- **Action item**: Transcribe, exactly and without pictures, the lines below from the line with "Snowboader in fresh" to the line with "Видео: Наши будни", both ends included, and no others.

- **Dataset entries**:
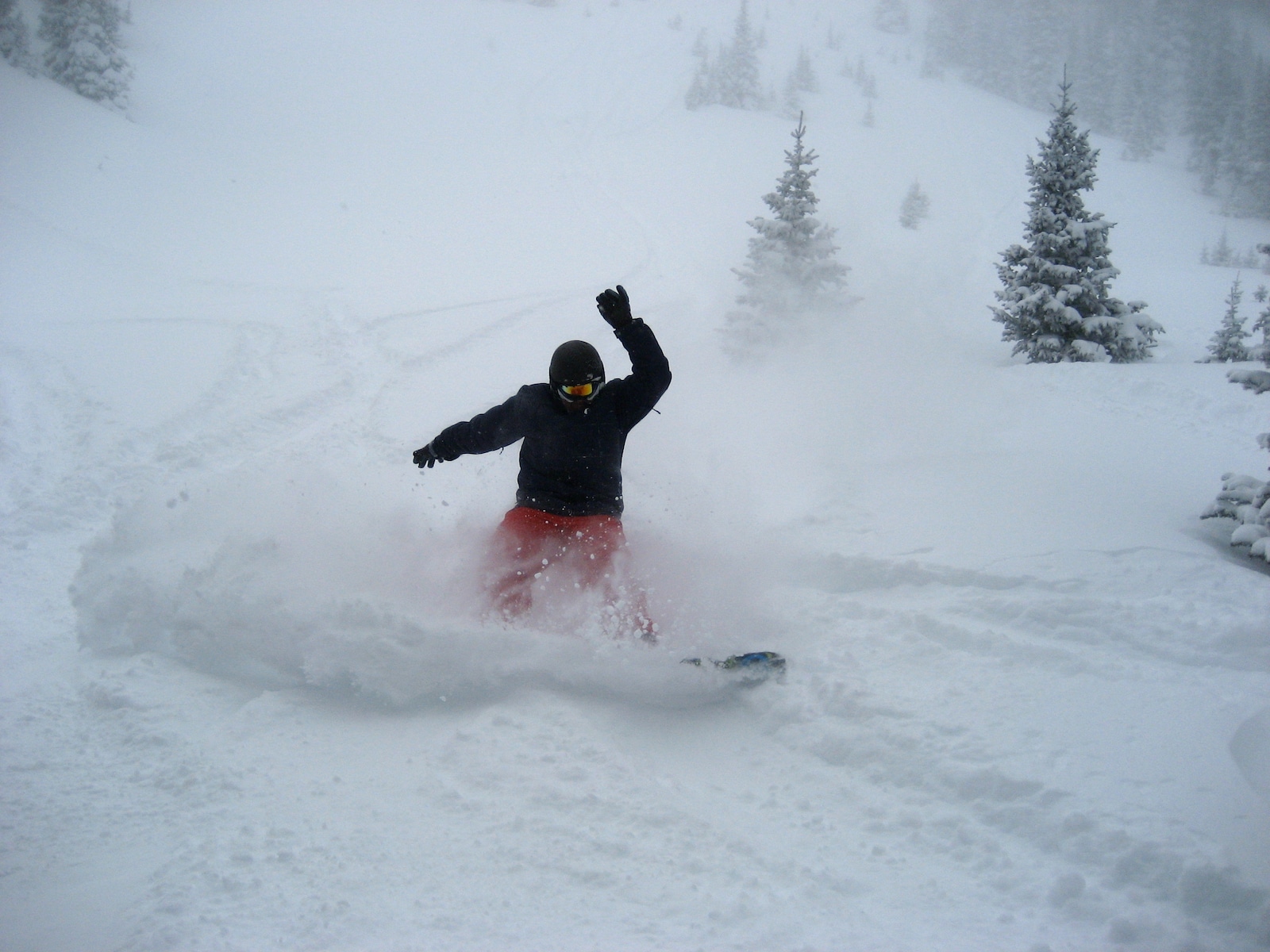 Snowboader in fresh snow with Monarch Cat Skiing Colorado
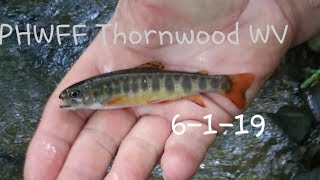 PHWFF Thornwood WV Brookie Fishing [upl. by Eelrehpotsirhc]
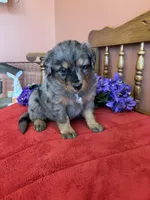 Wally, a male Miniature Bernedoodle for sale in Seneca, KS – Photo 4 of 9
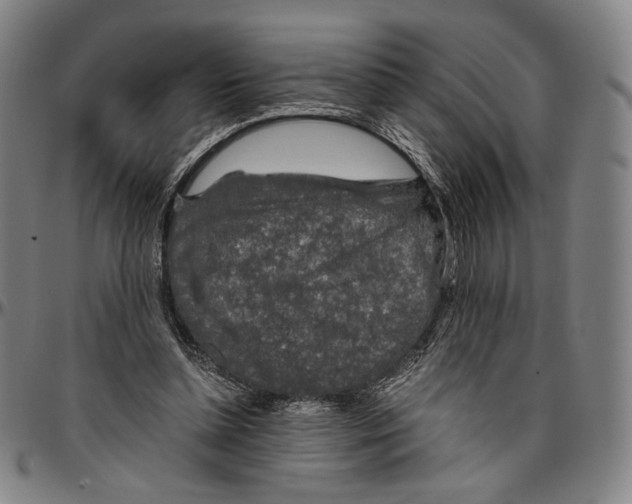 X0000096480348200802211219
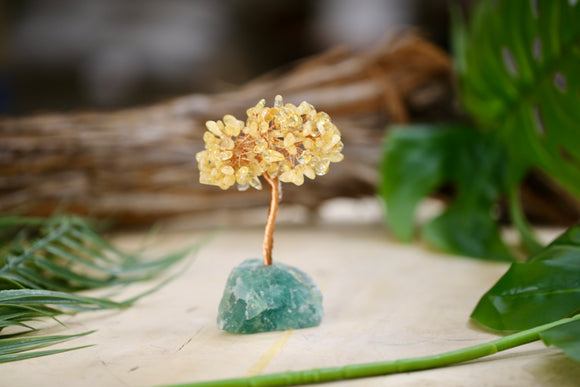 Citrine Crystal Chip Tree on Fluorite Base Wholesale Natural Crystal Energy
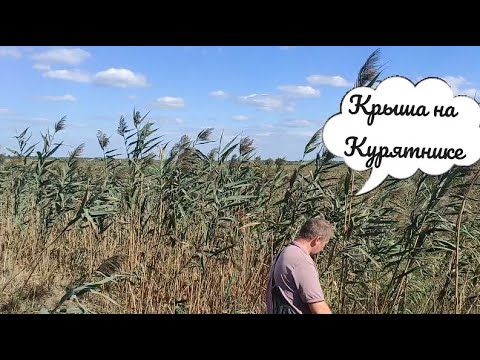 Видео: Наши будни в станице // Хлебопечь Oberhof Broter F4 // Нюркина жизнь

==

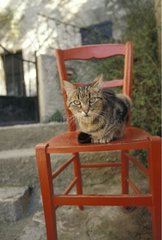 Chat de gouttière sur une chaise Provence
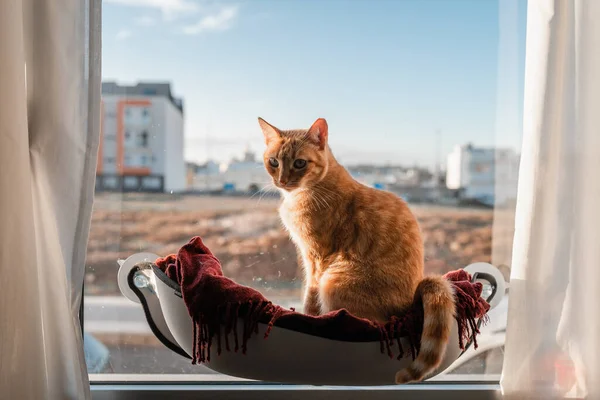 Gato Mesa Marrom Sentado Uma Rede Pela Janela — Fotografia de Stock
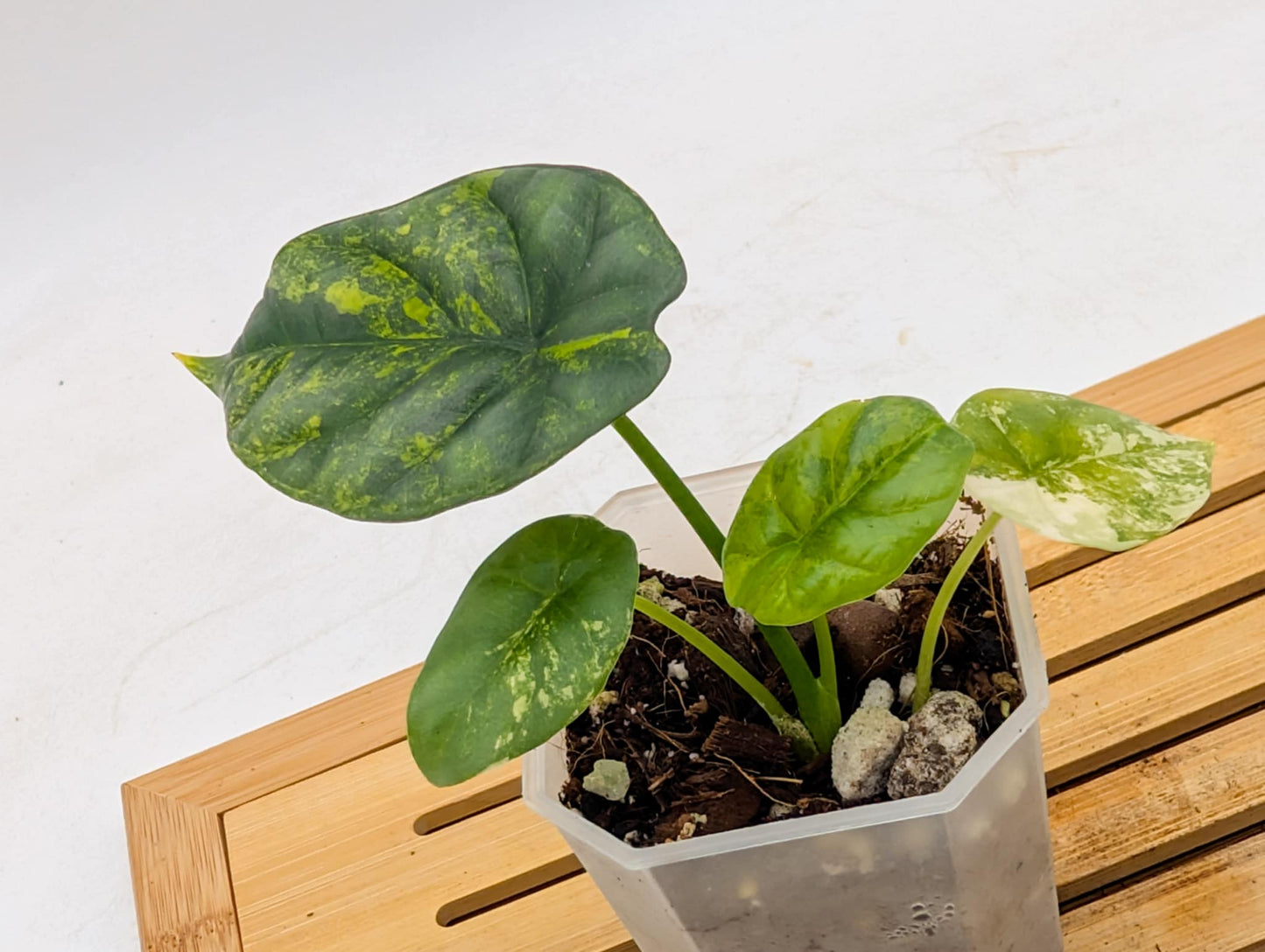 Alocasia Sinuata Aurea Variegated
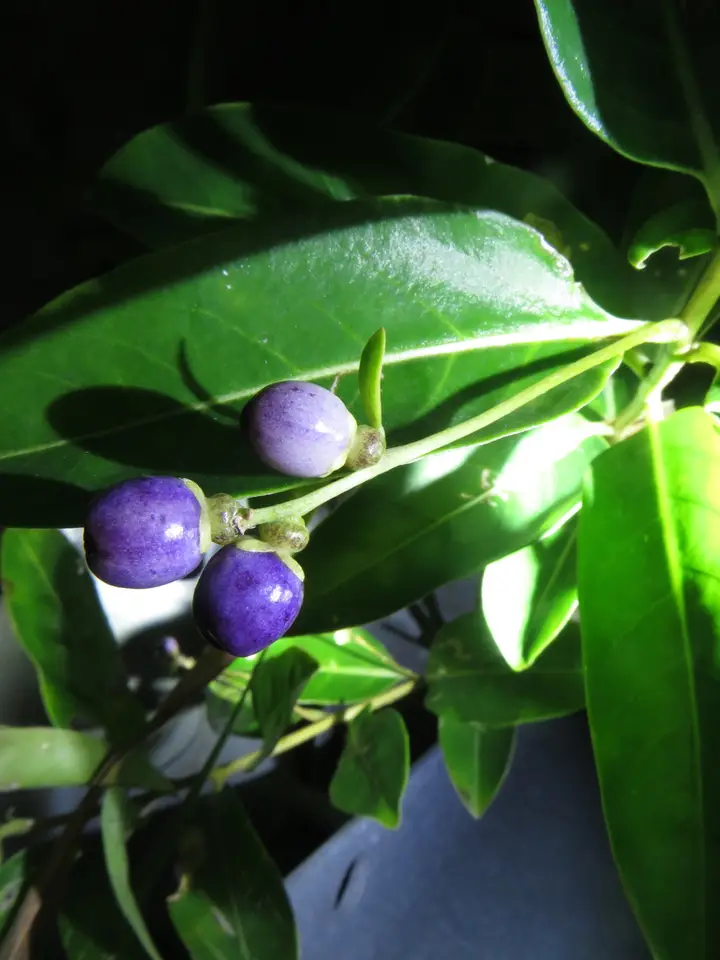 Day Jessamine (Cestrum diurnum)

---

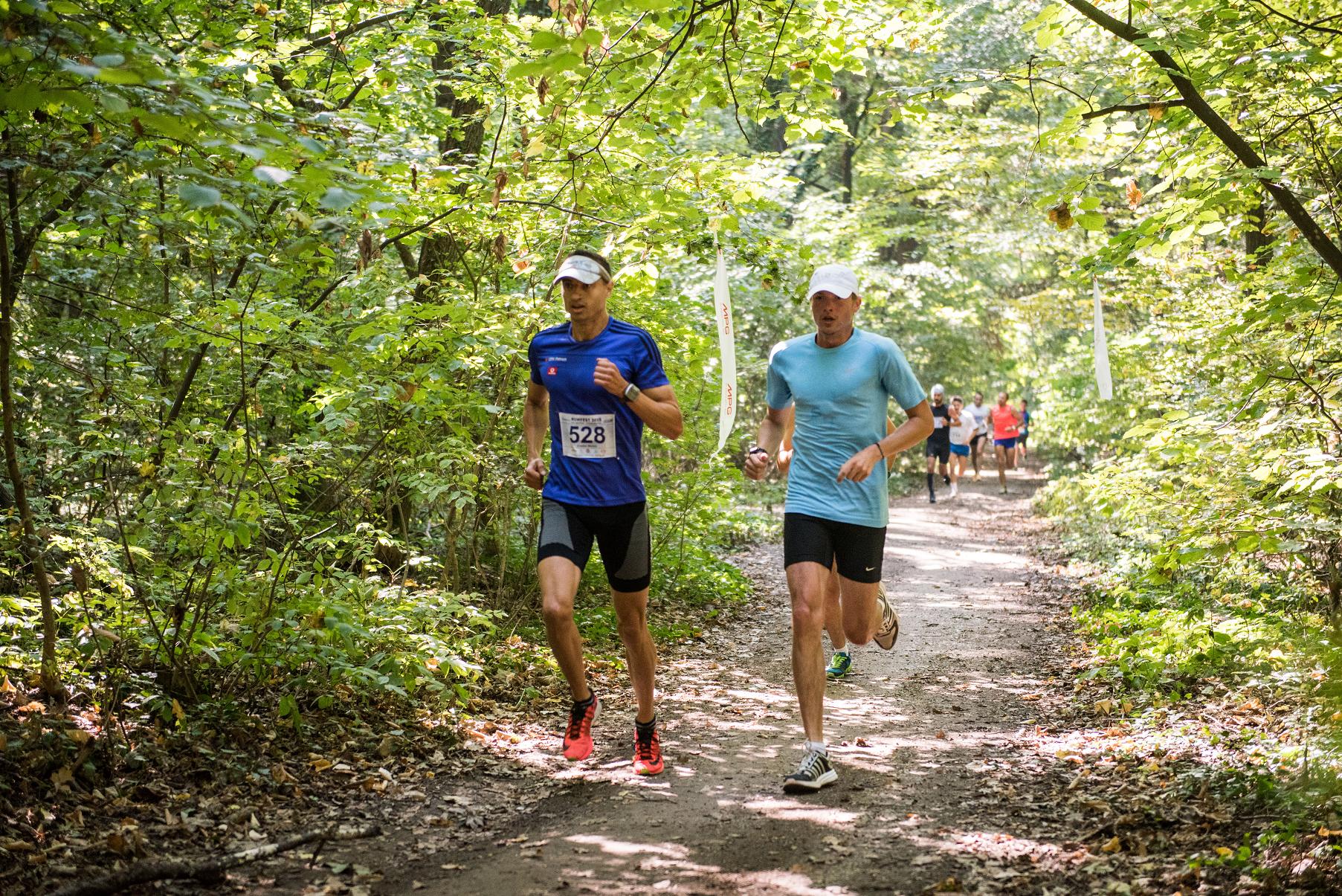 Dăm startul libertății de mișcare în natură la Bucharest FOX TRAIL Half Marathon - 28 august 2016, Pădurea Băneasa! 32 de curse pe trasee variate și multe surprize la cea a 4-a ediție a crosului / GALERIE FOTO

- **Response**:
 Snowboader in fresh snow with Monarch Cat Skiing Colorado
 PHWFF Thornwood WV Brookie Fishing [upl. by Eelrehpotsirhc]
 Wally, a male Miniature Bernedoodle for sale in Seneca, KS – Photo 4 of 9
 X0000096480348200802211219
 Citrine Crystal Chip Tree on Fluorite Base Wholesale Natural Crystal Energy
 Видео: Наши будни в станице // Хлебопечь Oberhof Broter F4 // Нюркина жизнь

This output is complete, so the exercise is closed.